** HOW TO COMPLETE THIS TASK **
Say how many lines in the records contain the string "Women", giving the number by itself.

** THE INPUT **
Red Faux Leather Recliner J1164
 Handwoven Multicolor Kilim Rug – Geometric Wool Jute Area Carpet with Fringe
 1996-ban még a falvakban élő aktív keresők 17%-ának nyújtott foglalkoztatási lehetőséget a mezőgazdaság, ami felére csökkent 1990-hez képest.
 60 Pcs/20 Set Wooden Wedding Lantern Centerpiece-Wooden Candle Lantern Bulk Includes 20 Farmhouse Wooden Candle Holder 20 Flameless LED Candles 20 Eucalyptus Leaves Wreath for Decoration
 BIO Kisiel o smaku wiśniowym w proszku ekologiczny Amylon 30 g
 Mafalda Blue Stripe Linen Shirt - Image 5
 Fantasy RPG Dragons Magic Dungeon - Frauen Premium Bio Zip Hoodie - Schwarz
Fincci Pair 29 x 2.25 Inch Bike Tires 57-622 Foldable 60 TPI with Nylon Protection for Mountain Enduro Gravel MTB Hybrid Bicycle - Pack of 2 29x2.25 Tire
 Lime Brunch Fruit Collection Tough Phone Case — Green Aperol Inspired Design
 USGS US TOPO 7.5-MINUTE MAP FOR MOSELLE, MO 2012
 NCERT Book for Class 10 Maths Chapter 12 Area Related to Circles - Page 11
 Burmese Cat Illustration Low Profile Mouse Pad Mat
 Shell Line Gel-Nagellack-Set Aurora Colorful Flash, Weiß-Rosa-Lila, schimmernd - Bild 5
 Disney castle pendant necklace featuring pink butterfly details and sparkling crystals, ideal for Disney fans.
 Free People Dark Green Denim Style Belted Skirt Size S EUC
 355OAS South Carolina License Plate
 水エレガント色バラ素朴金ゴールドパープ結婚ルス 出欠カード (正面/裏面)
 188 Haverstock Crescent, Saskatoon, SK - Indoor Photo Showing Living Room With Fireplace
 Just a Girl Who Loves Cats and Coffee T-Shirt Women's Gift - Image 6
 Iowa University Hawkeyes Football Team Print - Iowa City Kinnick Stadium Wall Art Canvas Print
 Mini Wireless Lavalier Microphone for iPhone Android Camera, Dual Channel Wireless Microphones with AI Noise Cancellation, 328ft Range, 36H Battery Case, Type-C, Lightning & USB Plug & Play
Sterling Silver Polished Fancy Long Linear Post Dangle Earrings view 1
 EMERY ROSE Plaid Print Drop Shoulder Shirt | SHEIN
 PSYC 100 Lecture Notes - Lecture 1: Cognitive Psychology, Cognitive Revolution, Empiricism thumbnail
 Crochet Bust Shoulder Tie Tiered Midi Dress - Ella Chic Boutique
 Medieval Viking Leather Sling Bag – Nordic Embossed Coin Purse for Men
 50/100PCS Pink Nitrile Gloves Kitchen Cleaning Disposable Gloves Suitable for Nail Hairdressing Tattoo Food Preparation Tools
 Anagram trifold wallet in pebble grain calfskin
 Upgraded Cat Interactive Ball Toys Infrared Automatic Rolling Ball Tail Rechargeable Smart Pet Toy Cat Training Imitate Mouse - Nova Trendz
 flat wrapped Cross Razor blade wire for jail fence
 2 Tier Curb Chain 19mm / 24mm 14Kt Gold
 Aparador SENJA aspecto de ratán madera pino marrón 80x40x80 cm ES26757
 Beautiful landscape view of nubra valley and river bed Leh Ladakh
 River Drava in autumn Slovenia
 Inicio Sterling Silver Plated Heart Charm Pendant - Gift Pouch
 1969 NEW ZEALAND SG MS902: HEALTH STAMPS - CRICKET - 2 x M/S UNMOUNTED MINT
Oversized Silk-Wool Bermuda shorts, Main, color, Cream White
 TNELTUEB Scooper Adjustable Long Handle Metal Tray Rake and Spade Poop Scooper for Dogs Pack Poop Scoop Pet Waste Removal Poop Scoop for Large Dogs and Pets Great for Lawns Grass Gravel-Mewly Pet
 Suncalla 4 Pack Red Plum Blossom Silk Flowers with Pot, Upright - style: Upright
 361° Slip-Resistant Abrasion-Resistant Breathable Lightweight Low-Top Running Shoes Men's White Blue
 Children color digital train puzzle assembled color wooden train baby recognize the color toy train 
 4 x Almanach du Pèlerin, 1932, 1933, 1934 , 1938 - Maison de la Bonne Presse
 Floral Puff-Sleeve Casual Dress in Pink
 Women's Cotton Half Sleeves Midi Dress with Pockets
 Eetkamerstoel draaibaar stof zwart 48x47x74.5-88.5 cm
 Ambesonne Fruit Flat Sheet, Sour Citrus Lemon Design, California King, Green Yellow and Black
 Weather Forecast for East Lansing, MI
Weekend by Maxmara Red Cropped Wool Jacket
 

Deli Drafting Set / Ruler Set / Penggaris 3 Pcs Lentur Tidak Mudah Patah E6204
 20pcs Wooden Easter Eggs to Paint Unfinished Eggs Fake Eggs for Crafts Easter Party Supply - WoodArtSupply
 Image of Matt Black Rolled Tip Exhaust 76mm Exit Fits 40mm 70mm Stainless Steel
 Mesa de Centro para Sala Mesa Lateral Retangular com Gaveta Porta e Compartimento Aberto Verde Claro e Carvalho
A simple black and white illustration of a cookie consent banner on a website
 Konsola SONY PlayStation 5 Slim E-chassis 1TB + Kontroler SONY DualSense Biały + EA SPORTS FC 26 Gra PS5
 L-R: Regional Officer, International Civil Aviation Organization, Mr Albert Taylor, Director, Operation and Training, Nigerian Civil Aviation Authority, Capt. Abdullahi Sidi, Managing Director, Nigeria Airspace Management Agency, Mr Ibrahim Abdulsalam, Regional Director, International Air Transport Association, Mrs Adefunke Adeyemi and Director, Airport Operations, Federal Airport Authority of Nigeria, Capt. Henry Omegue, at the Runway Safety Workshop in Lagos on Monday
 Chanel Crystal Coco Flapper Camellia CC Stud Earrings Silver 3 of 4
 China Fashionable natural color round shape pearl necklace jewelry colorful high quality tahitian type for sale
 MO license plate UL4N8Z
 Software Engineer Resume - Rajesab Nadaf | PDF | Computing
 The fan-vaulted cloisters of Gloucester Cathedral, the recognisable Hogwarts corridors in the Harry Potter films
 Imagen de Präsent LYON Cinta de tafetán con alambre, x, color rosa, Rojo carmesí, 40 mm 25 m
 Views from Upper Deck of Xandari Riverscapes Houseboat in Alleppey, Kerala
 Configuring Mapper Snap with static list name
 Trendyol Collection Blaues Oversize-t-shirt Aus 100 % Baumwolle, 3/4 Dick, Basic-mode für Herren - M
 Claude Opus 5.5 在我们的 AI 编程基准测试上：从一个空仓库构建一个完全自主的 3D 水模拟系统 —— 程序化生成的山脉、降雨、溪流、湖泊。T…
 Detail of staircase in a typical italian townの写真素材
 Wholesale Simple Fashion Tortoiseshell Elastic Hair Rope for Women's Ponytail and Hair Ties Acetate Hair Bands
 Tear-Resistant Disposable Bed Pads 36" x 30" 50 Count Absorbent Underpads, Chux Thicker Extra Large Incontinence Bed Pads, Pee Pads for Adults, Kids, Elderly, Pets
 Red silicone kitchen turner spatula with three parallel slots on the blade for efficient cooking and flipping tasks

** EXERCISE SOLUTION **
3